Afghan refugees appealed to Pakistan and the United Nations for more support at an international conference that ended on Tuesday, hoping to return home after four decades of forcibly living abroad fleeing wars and conflict.
Pakistan's government and the Office of the U.N. High Commissioner for Refugees, or UNHCR, convened a two-day ministerial-level conference in Islamabad to mark 40 years of Afghan refugees living in Pakistan — and to remind the world of their plight.
Many of them feel abandoned by the world, UNHCR said in a statement, and "this is an impression that we must prove wrong."
Before the conference, U.N. Secretary-General António Guterres and UNCHR'S chief, Filippo Grandi, met with 20 Afghan refugees ranging from community elders to university students.
“I’m a child of war. I was born a refugee,” Zainab Maha Shah, a 22-year-old student of bioinformatics at Pakistan's public research-focused Quaid-I-Azam University Islamabad, told U.N. leaders. She is one of 350 refugees in Pakistan with scholarships that are paid for by Germany and overseen by UNHCR.
Guterres said the United Nations must "do everything possible" to her and other Afghan refugees, and to facilitate peace in Afghanistan, where tens of thousands of civilians have died since the United States launched its "war on terror" there in 2001 in the wake of the 9/11 terror attacks.
"As we look to the challenges ahead, the global community must step up. On the one hand, we mark 40 unbroken years of solidarity. But we also despair at 40 broken years of hostility," Guterres told the conference.
"The Afghan conflict drags on and on — and we see the deep impact of the protracted nature of conflict, poverty and forced displacement," he said. "We know the solution lies in Afghanistan. I hope the signals of a possible pathway for peace will lead to a better future for the people of Afghanistan."
He was referring to negotiations between the United States and Taliban that could bring a cease-fire leading to a peace deal, which would include the withdrawal of U.S.-led NATO troops in exchange for guarantees that Afghanistan will no longer be used as a staging ground for international terrorism.
'Courage and resilience'
Some 4.7 million Afghans remain uprooted globally, including 2.7 million registered as refugees and 2 million displaced inside Afghanistan, according the U.N. refugee agency, which says Afghans are the longest displaced and dispossessed population under its mandate worldwide.
About 90% of Afghan refugees live in Pakistan and Iran, largely unwanted and neglected by their home and host nations and ignored by the international community.

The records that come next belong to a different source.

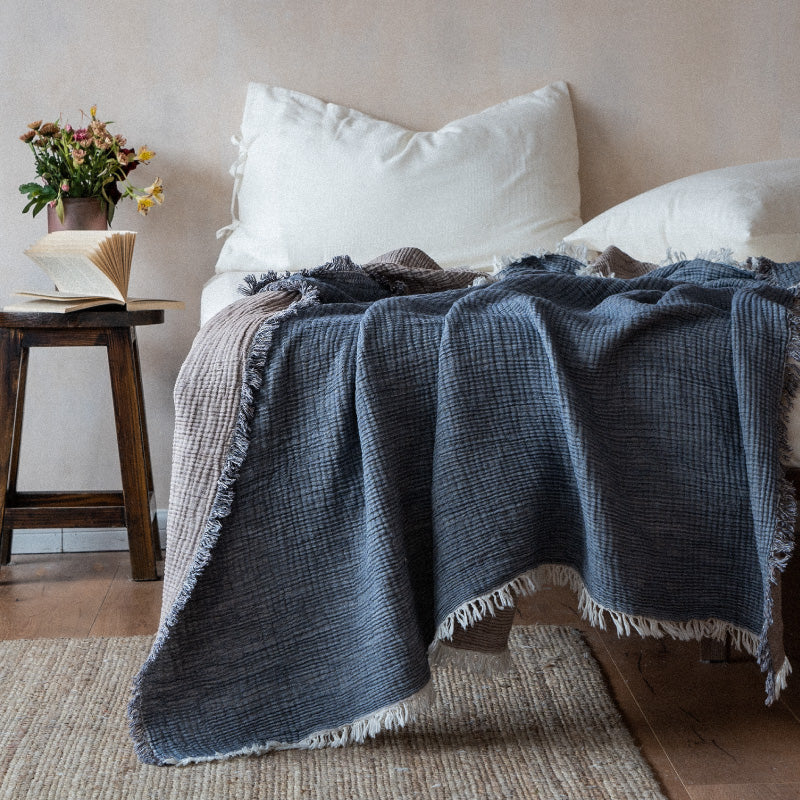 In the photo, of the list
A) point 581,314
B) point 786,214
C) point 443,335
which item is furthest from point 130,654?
point 786,214

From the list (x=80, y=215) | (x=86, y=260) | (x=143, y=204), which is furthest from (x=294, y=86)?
(x=86, y=260)

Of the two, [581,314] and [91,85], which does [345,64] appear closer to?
[91,85]

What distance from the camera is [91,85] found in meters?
2.15

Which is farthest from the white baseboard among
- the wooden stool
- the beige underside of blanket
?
the beige underside of blanket

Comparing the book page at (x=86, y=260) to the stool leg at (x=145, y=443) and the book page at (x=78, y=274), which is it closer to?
the book page at (x=78, y=274)

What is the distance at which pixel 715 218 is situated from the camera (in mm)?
1604

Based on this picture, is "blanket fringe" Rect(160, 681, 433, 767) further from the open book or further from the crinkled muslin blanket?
the open book

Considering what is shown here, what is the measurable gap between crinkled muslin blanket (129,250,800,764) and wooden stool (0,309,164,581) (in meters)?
0.77

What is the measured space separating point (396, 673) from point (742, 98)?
186cm

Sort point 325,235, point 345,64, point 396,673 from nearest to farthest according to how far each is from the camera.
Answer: point 396,673, point 325,235, point 345,64

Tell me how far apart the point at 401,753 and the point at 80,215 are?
4.49 feet

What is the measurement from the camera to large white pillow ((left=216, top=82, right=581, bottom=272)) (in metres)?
2.07

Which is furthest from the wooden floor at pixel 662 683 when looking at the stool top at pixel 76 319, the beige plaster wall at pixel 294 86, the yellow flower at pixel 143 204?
the yellow flower at pixel 143 204

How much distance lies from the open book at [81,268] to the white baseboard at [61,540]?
0.61 meters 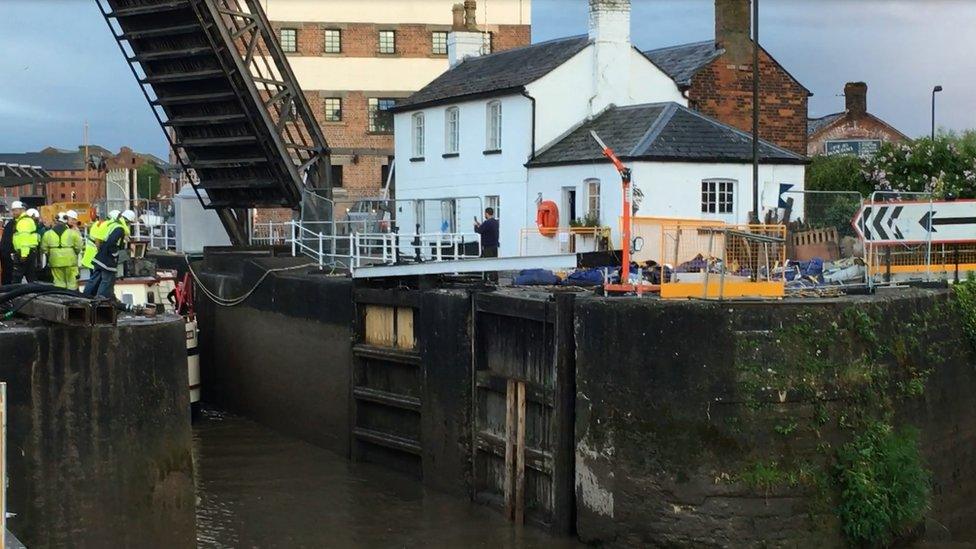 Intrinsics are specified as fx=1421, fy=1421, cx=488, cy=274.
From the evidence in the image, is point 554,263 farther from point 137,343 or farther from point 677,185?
point 677,185

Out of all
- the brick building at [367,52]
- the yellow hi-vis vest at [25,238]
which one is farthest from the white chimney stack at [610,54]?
the brick building at [367,52]

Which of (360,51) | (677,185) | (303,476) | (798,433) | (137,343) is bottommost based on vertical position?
(303,476)

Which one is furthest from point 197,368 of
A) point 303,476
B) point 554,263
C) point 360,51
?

In both countries, about three-quarters of all Afghan refugees are younger than 25. Most have some access to education and national healthcare.

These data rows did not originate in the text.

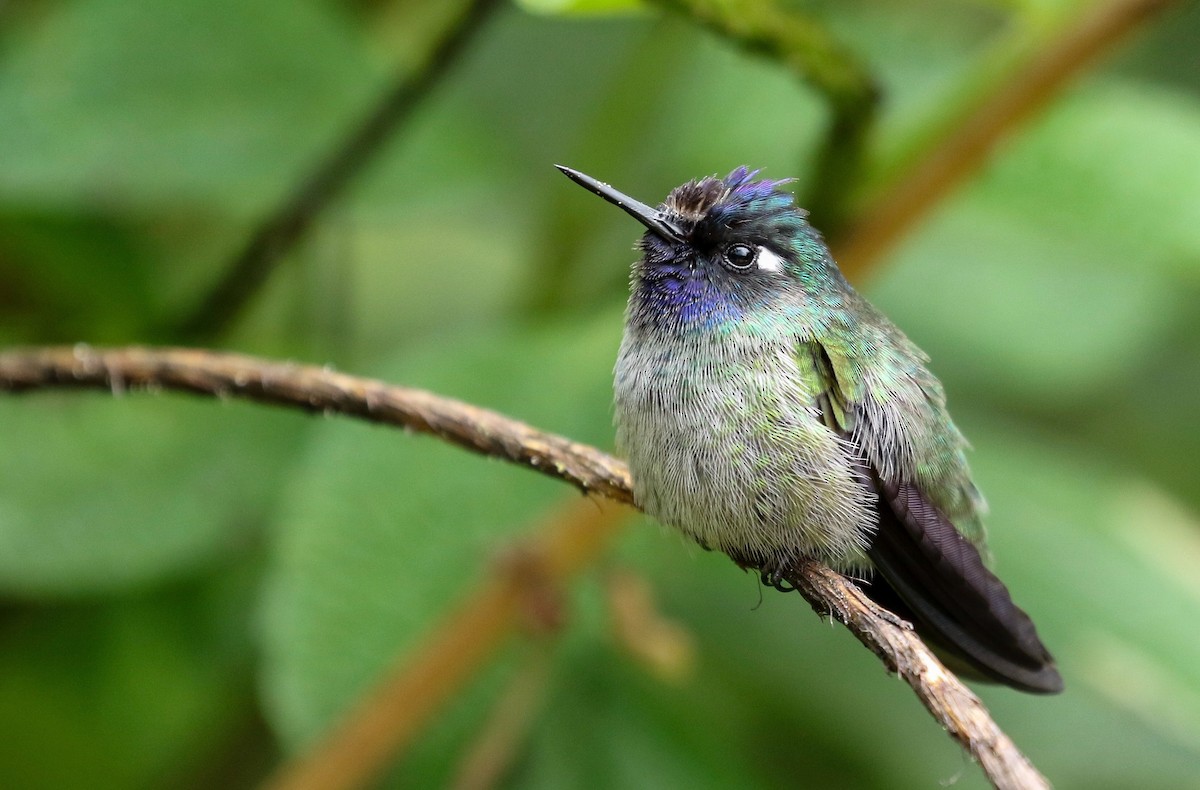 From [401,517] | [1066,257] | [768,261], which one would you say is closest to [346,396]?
[401,517]

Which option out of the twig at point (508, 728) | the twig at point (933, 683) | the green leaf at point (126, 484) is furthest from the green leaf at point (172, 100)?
the twig at point (933, 683)

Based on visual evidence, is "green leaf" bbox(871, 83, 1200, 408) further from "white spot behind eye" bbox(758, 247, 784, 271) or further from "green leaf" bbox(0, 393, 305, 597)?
"green leaf" bbox(0, 393, 305, 597)

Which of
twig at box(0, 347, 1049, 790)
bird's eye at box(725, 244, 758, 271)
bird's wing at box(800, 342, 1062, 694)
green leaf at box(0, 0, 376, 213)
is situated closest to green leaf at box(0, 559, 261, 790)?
green leaf at box(0, 0, 376, 213)

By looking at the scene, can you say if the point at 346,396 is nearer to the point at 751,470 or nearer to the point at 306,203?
the point at 751,470

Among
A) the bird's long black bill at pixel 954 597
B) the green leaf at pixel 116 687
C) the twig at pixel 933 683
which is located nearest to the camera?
the twig at pixel 933 683

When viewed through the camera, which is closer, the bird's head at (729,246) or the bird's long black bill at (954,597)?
the bird's long black bill at (954,597)

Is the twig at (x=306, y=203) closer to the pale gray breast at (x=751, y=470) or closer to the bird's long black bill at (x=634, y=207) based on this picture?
the bird's long black bill at (x=634, y=207) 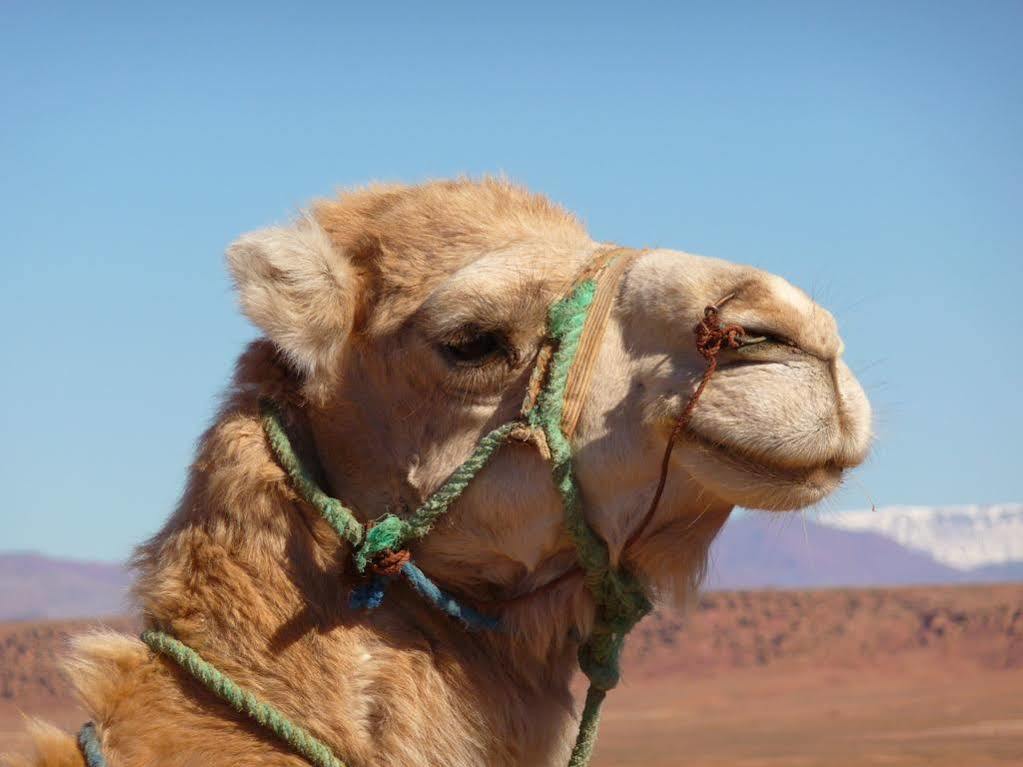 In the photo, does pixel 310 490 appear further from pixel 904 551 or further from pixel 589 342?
pixel 904 551

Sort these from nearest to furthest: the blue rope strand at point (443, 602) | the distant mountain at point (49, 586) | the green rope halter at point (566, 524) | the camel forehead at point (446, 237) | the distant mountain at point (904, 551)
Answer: the green rope halter at point (566, 524), the blue rope strand at point (443, 602), the camel forehead at point (446, 237), the distant mountain at point (49, 586), the distant mountain at point (904, 551)

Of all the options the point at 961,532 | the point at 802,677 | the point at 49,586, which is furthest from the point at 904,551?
the point at 802,677

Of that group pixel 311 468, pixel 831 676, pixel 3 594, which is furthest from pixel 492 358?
pixel 3 594

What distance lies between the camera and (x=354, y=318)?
3.72 meters

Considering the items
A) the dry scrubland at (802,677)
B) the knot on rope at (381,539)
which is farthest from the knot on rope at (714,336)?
the dry scrubland at (802,677)

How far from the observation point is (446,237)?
147 inches

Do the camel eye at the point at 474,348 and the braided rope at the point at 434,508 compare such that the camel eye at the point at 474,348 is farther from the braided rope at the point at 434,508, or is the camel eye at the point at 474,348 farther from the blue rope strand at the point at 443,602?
the blue rope strand at the point at 443,602

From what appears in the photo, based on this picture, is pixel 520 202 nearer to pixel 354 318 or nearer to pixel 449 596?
pixel 354 318

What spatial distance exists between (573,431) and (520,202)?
772mm

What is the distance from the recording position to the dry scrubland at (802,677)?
2030 cm

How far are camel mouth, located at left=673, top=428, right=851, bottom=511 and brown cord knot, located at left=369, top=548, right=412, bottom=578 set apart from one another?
0.74 meters

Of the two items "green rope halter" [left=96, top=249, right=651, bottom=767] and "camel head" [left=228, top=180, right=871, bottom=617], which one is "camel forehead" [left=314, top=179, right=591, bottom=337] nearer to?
"camel head" [left=228, top=180, right=871, bottom=617]

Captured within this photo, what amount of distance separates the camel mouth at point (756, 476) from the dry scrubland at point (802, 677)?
52.2 ft

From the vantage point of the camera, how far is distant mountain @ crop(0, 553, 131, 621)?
125 meters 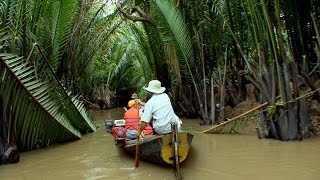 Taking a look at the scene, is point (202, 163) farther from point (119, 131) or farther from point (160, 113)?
point (119, 131)

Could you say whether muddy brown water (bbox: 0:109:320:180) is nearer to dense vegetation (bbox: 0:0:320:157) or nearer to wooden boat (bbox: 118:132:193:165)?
wooden boat (bbox: 118:132:193:165)

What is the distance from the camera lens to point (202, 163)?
725cm

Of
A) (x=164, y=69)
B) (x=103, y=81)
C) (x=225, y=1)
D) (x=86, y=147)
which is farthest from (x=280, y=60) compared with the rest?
(x=103, y=81)

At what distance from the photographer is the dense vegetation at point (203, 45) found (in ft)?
27.1

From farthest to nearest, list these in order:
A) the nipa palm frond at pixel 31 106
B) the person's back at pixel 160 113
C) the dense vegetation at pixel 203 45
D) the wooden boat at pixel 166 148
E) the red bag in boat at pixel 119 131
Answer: the red bag in boat at pixel 119 131, the dense vegetation at pixel 203 45, the nipa palm frond at pixel 31 106, the person's back at pixel 160 113, the wooden boat at pixel 166 148

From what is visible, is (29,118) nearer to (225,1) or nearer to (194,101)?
(225,1)

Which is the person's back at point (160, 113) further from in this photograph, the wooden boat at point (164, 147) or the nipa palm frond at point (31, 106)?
the nipa palm frond at point (31, 106)

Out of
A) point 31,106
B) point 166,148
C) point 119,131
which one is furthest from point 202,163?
point 31,106

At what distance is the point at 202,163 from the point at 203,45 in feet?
17.4

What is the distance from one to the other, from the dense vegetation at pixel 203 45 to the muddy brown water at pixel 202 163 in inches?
30.8

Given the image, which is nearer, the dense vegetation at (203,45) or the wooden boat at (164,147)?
the wooden boat at (164,147)

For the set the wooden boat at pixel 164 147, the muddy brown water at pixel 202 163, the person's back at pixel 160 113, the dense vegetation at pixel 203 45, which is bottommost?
the muddy brown water at pixel 202 163

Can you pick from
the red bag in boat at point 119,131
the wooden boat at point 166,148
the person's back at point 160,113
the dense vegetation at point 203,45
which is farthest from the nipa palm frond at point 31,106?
the wooden boat at point 166,148

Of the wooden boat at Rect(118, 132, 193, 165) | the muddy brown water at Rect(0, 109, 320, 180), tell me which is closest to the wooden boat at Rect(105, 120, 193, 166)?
the wooden boat at Rect(118, 132, 193, 165) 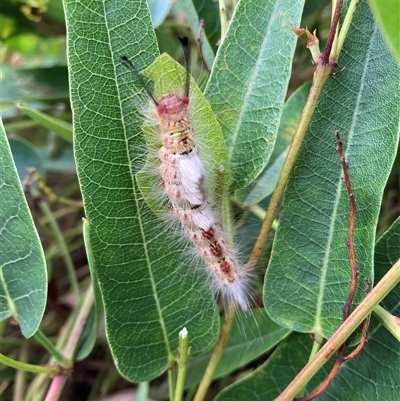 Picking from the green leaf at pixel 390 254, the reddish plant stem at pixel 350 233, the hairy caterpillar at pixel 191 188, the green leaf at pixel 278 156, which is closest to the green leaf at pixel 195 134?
the hairy caterpillar at pixel 191 188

“This is what we are here to mark today: the compassion, hospitality and solidarity of the people of the host countries; and the courage and resilience of the Afghan people," Grandi told the conference in his opening remarks.
Pakistan's Prime Minister Imran Khan, who inaugurated the conference, emphasized that his government facilitated the U.S.-Taliban peace process because "it is not in the interest of Pakistan for there to be any strife in Afghanistan."
He denied accusations by U.S. and Afghan officials that Pakistan still covertly supports the Taliban. "Our security forces are on the same page," Khan said. "There was an idea that the security forces in Pakistan had their own policy and the government had their own policy. This is not the case any more."
Before the U.S. invasion, Afghanistan was at war against the former Soviet Union. U.S. peace envoy Zalmay Khalilzad, who has been leading the American negotiations with the Taliban, said Afghanistan still suffers from "a terrible war" that must be brought to an end.
Khalilzad, an Afghan-American diplomat and former U.S. ambassador to the United Nations, said the talks have progressed to possibly reducing the violence then signing an agreement. “That will open the door to Afghans sitting across the the table," he told the conference, "one side by the government of Afghanistan and on the other by the Taliban of Afghanistan."